TASK ITEM:
Using the listing below, copy exactly the lines from the one containing "The Final Countdown" to the one containing "US Helicopter Pilot Uniform", both lines included, and no others.

INFORMATION SUPPLIED:
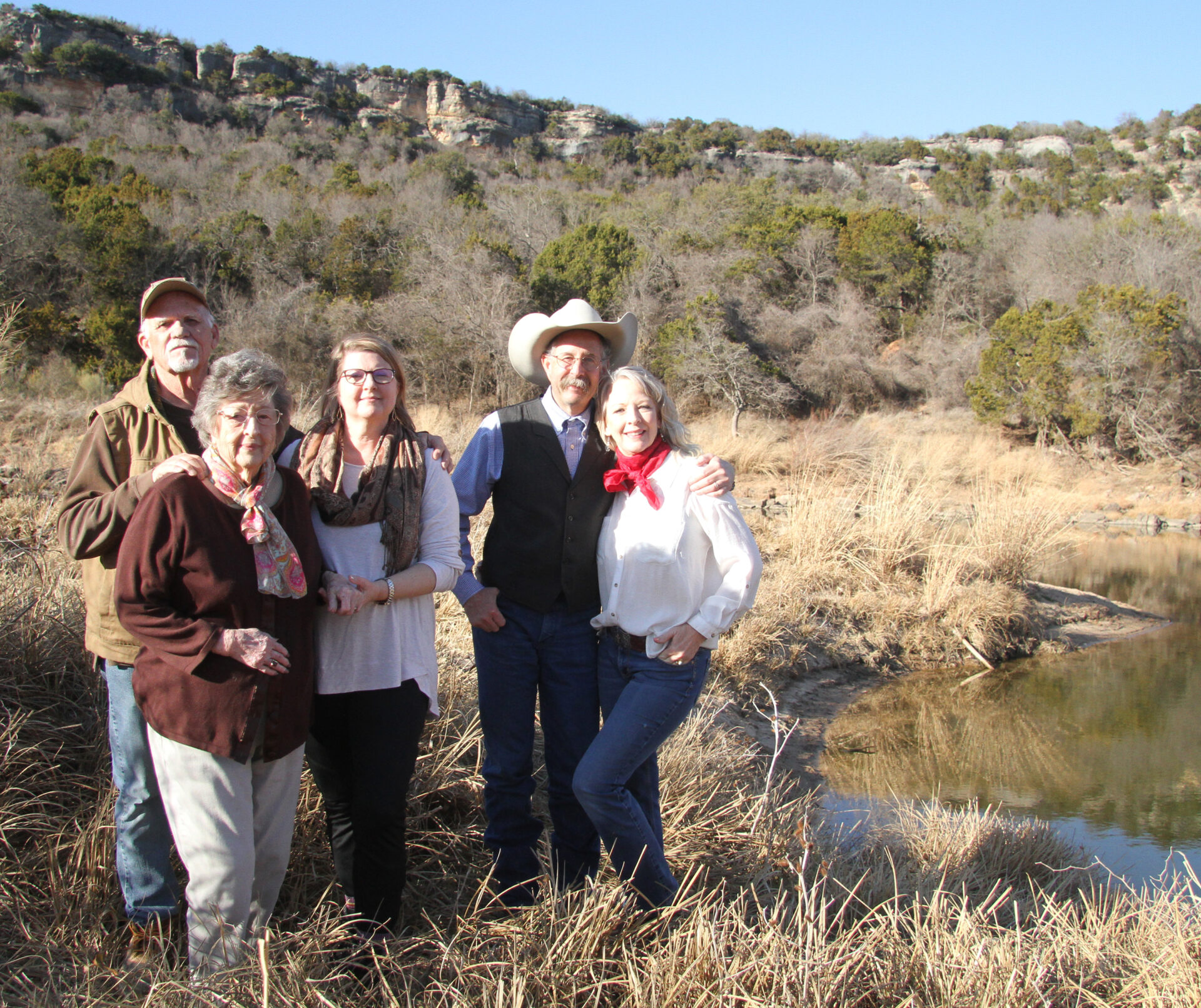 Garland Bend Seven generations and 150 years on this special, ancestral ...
--
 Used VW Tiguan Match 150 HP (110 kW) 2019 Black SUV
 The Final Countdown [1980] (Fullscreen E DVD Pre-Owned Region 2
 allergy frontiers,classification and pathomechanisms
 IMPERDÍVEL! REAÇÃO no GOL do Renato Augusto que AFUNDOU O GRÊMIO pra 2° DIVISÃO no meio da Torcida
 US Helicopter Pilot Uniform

WRITTEN SOLUTION:
 The Final Countdown [1980] (Fullscreen E DVD Pre-Owned Region 2
 allergy frontiers,classification and pathomechanisms
 IMPERDÍVEL! REAÇÃO no GOL do Renato Augusto que AFUNDOU O GRÊMIO pra 2° DIVISÃO no meio da Torcida
 US Helicopter Pilot Uniform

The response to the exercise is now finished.